アジアに与えられた出場枠は3.5。準々決勝を突破して、3位以上に入ればストレートインできるが、4位になった場合はアフリカ4位のギニアと5月9日にプレーオフを戦う。グループステージは16日に中国(日本時間22時)、19日にUAE(日本時間24時30分)と対戦。そして、最終節の22日は最大のライバル・韓国(日本時間22時)と顔を合わせる。グループステージは全て中2日のタイトな日程で、ターンオーバーも含めて23人全員の力が必要になるのは明白だ。

そうした状況下で、日本はどのように戦うのか。まず、中国との初戦は是が非でも勝点3が欲しい。とはいえ、オープニングマッチ特有の緊張感、中国の高さや堅守速攻のスタイルに手を焼く可能性がある。ボランチのムテリップ・イミンカリなど、中盤には大柄でテクニカルな選手が揃う相手に対し、日本は慌てずにボールを支配できれば展開は楽になる。守りを固めてくる可能性があるなかで、焦れずにパスを繋ぐ。そして攻撃のスイッチが入ったタイミングで、一気に攻撃のスピードを上げる。そうした戦い方で早い時間帯に先制点を奪いたい。キーマンはボランチのMF藤田譲瑠チマ(シント=トロイデン)。アンカーのポジションでボール回しの起点になるだけではなく、守備でもカウンター封じを担う。攻守のリンクマンとして欠かせないタレントであり、チームのリーダーとして寄せられる期待は絶大だ。 2戦目のUAEは1月のアジアカップに出場した選手が数名おり、タレント力は侮れない。特に両SBはA代表歴を持っており、テクニカルなスタイルを嗜好しながらスピードで勝負できる選手をサイドに揃えている。

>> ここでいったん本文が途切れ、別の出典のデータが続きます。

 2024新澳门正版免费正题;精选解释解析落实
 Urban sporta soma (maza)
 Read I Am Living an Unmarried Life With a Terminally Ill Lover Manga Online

ボールを動かすという点では日本と類似しており、戦いにくい相手ではない。冷静にパスを繋ぎ、相手がボールを持つ時間になれば前線からのハイプレスで相手の自由を奪いたい。キーマンとして挙げたいのはMF平河悠(町田)。左サイドを主戦場とし、右サイドでも機能するドリブラーは切り込み隊長として日本に必要不可欠だ。相手のSBに高い位置を取らせないためにも平河の働きはポイントになる。また、最前線からプレスをかけ続けられる体力を持ち合わせており、守備でもファーストDFとしてチームに欠かせない。攻守両面で平河のパフォーマンスに注目だ。

3戦目の韓国は言うまでもなく、グループステージ最大のライバルとなる。五輪でメダルを獲得すれば兵役免除になるため、死に物狂いで戦ってくるのは想像に容易い。仮に両チームが突破を決めていたとしても、勝敗が順位決定に大きく関わる。A組の1位は開催国のカタールが濃厚で、地力もある上にホームのアドバンテージも受けられるのは厄介だ。カタールを避ける思いがあっても不思議ではなく、単なる消化試合にはならない可能性が高い。
その中で韓国のアンダーカテゴリーはフィジカルを生かしたサッカーではなく、後ろから丁寧にボールを繋ぐスタイルで戦うことも最近では珍しくない。ただ、そうした相手に対して、日本が滅法強いのは好材料。欧州の強豪国のように戦術が整理されているチームに相性が良く、ハイプレスとショートカウンターで相手を凌駕している。22年6月のU23アジアカップ準々決勝で対戦した際は、ボールポゼッションを高めてきた韓国を圧倒。2歳上のチームで臨んできた相手を3−0で下したのは記憶に新しい。

そんな韓国戦で鍵を握る選手は、内野航太郎だろう。昨年10月のアジア競技大会では決勝で先制点を挙げ、今年3月下旬の第23回大学日韓(韓日)定期戦でも2ゴールを挙げるなど、韓国に対して相性が良い。「アジア勢に対する自信はあんまり気にしていなかったけど、振り返ってみると、アジア勢から結構点が取れている。その自覚もあるし、良さも出せていると思う」と内野自身も手応えを口にしており、崩した後の仕上げ役として期待したいところだ。

日本はU23アジアカップを勝ち抜き、8大会連続の五輪出場を果たせるか。GSを突破しても、準々決勝ではカタールかオーストラリア、準決勝では世代最強と称されるサウジアラビアや進境著しいウズベキスタンと対戦する可能性がある。立ちはだかる壁は高く、簡単に勝たせてくれるチームはひとつもないが、日本の未来を切り開くべく大岩ジャパンが最終関門突破を目指す。